About the role
Salesforce hosts web services and applications written by thousands of internal developers and tens of thousands of customers to provide the largest business automation cloud on the planet. The underlying infrastructure that enables this innovation and value is evolving to fully embrace lights-out operations, single-click deploy to tens of thousands of nodes, and services that self-heal and self-optimize. The platform is a multi-substrate Kubernetes and microservices platform including k8s, service mesh and ingress which powers Core CRM and a growing set of applications across Salesforce.
We are seeking a Site Reliability Engineer / DevOps Engineer to join our team and help build, and operate the next-generation Microservices Platform leveraging Service Mesh, Ingress Gateway load balancing. Our goal is to transform our software stack by adopting more cloud-native and AI-driven operational practices to build a highly reliable, self-healing, and scalable service mesh.
In this role,
You are responsible for the high availability for the microservices supporting service mesh and ingress gateway on a large fleet of 1000+ clusters running various technologies like Kubernetes, Docker, network load balancers, service mesh, Istio and so on. You'll gain valuable experience troubleshooting real production issues which will expand your knowledge of the architecture.

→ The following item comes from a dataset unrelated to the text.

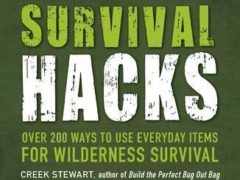 Survival Hacks: Over 200 Ways to Use Everyday Items for Wilderness Survival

You will contribute code to drive availability improvement for services.
You will help improve the platform's visibility by implementing necessary monitoring and metrics with Prometheus, Grafana and other monitoring frameworks.
You will drive automation efforts in Python/Golang/Puppet/Jenkins to eliminate manual work with day to day operations.
You will drive improvements to CI/CD pipelines built on Terraform, Spinnaker and Argo
You'll implement AIOps automation, monitoring and self-healing mechanisms to proactively fix issues to reduce MTTR and Operational Toil.
You will get a chance to improve your communication and collaboration skills working with various other Infrastructure teams across Salesforce.
You will interact with a highly innovative and creative team of developers and architects.
You will evaluate new technologies to solve problems as needed.
About the company
Salesforce is the global leader in customer relationship management (CRM), bringing companies and customers together in the digital age. Founded in 1999, Salesforce enables companies of every size and industry to digitally transform and create a 360° view of their customers.